(Beginning of Records shown)
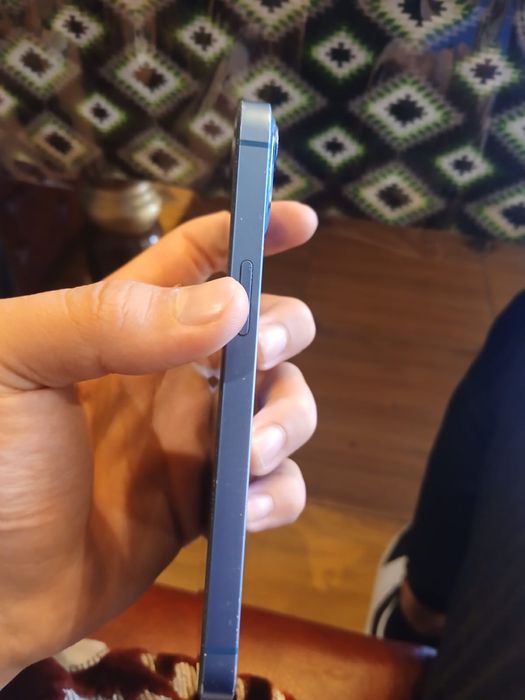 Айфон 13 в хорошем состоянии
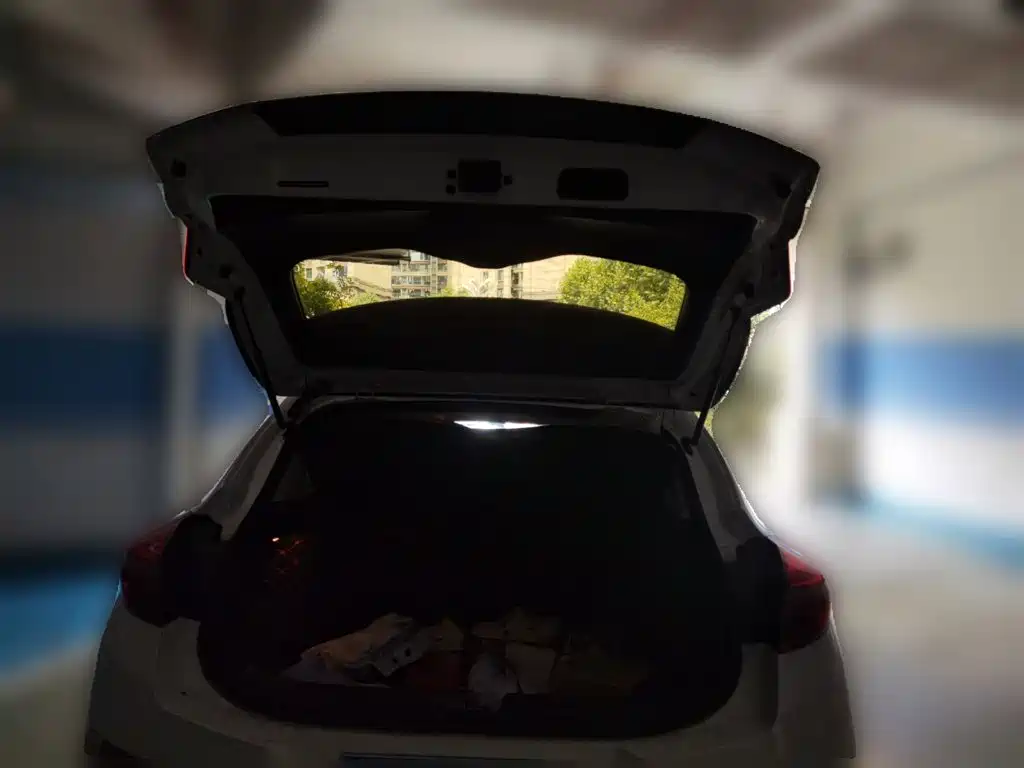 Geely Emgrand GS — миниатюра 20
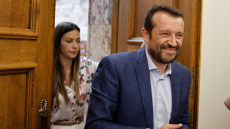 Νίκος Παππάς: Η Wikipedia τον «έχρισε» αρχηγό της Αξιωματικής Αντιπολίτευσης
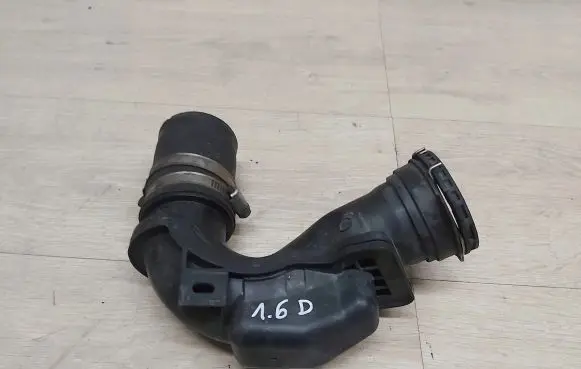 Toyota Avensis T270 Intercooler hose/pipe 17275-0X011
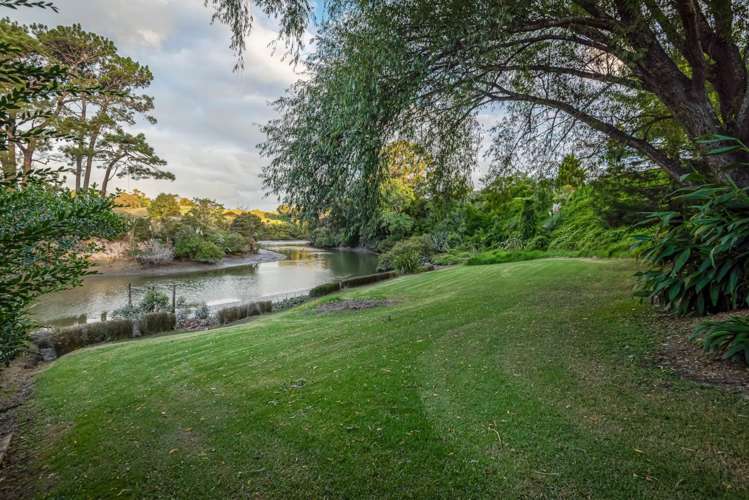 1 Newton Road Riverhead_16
(End of Records shown)
(Beginning of Records shown)
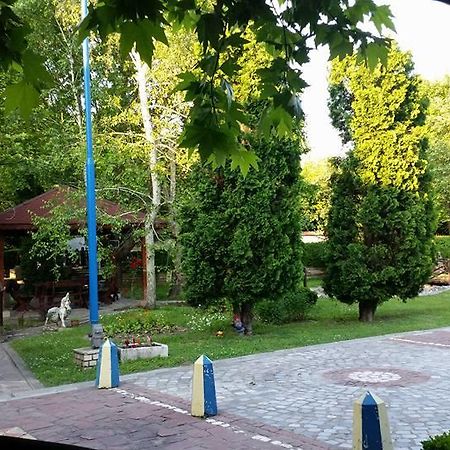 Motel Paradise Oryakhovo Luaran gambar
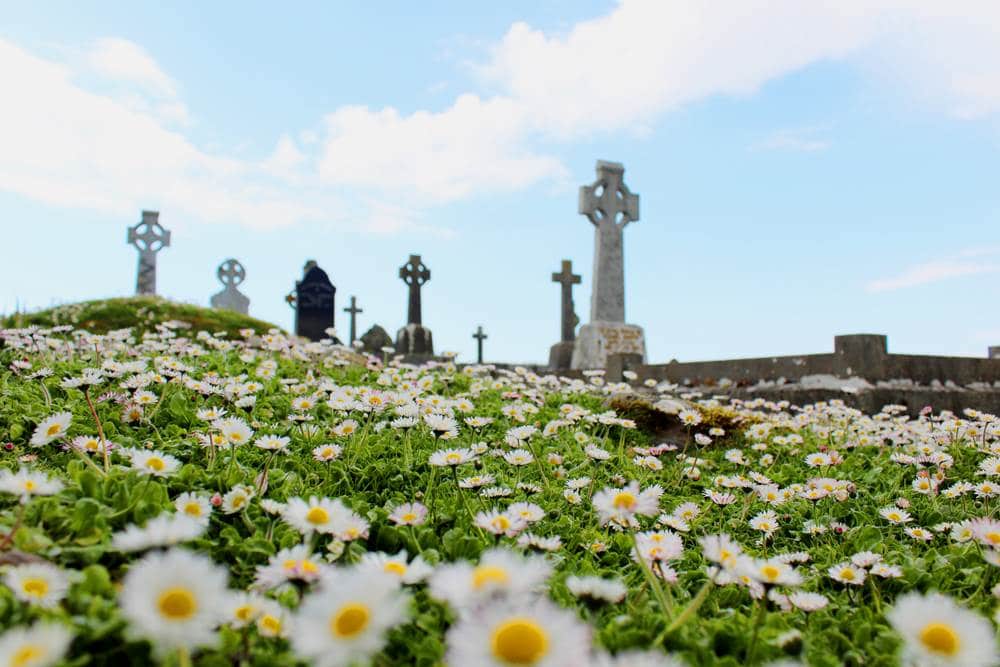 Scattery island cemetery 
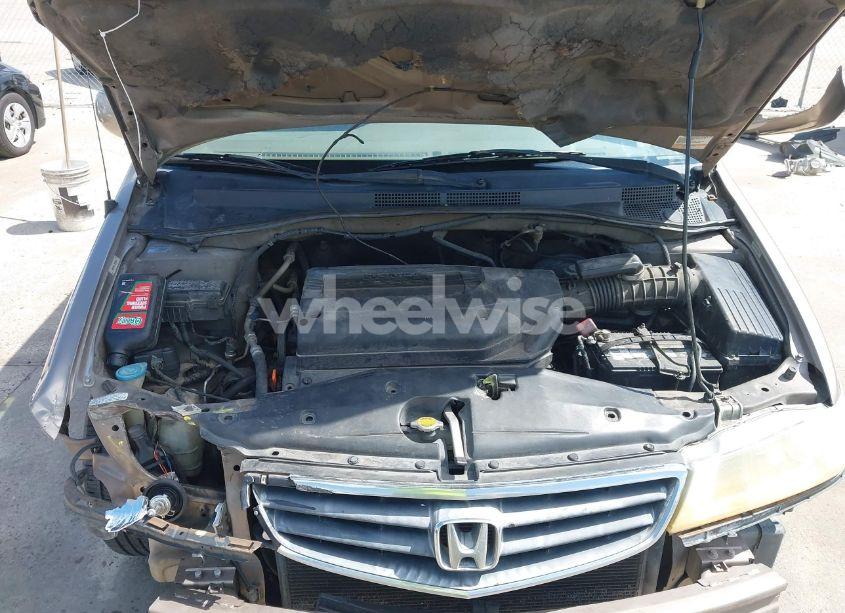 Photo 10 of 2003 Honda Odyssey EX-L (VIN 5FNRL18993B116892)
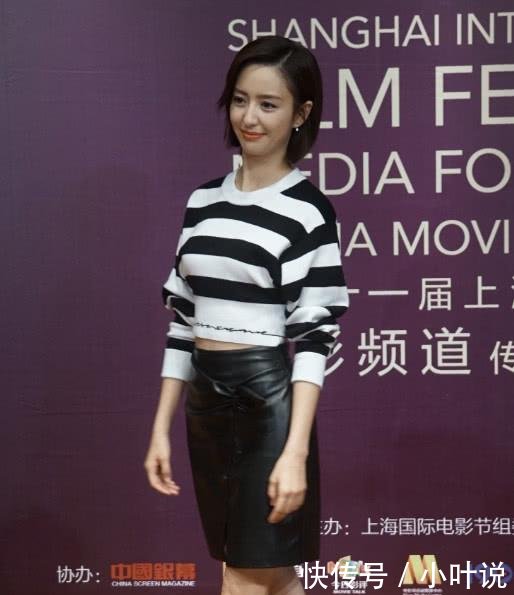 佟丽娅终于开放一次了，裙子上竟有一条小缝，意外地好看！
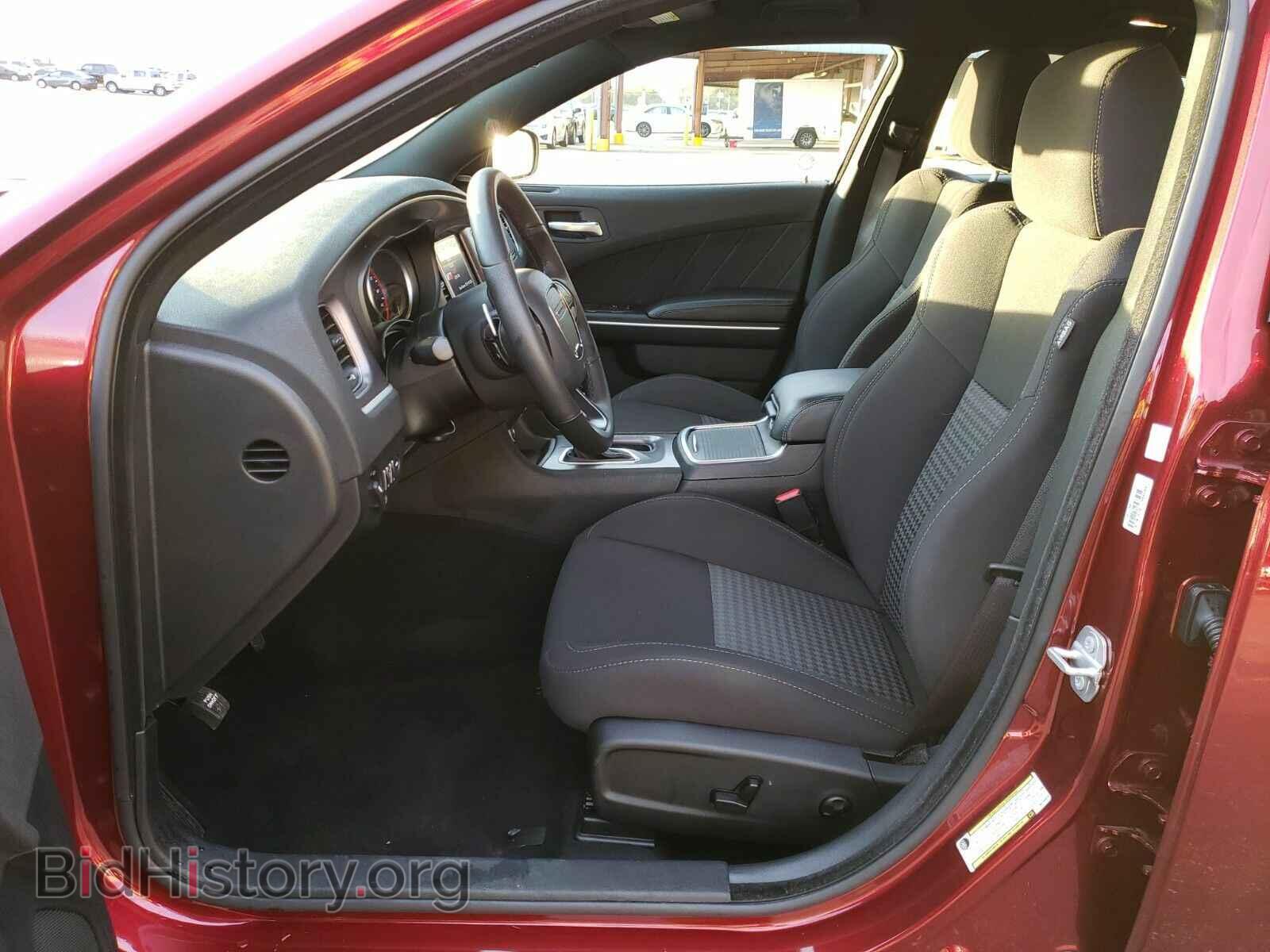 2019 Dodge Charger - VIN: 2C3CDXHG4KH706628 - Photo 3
(End of Records shown)
Output exactly the lines of the listing above that start with the one holding "Айфон 13 в хорошем состоянии" and go on through the one holding "1 Newton Road Riverhead_16"; leave the pictures out.

Task answer:
 Айфон 13 в хорошем состоянии
 Geely Emgrand GS — миниатюра 20
 Νίκος Παππάς: Η Wikipedia τον «έχρισε» αρχηγό της Αξιωματικής Αντιπολίτευσης
 Toyota Avensis T270 Intercooler hose/pipe 17275-0X011
 1 Newton Road Riverhead_16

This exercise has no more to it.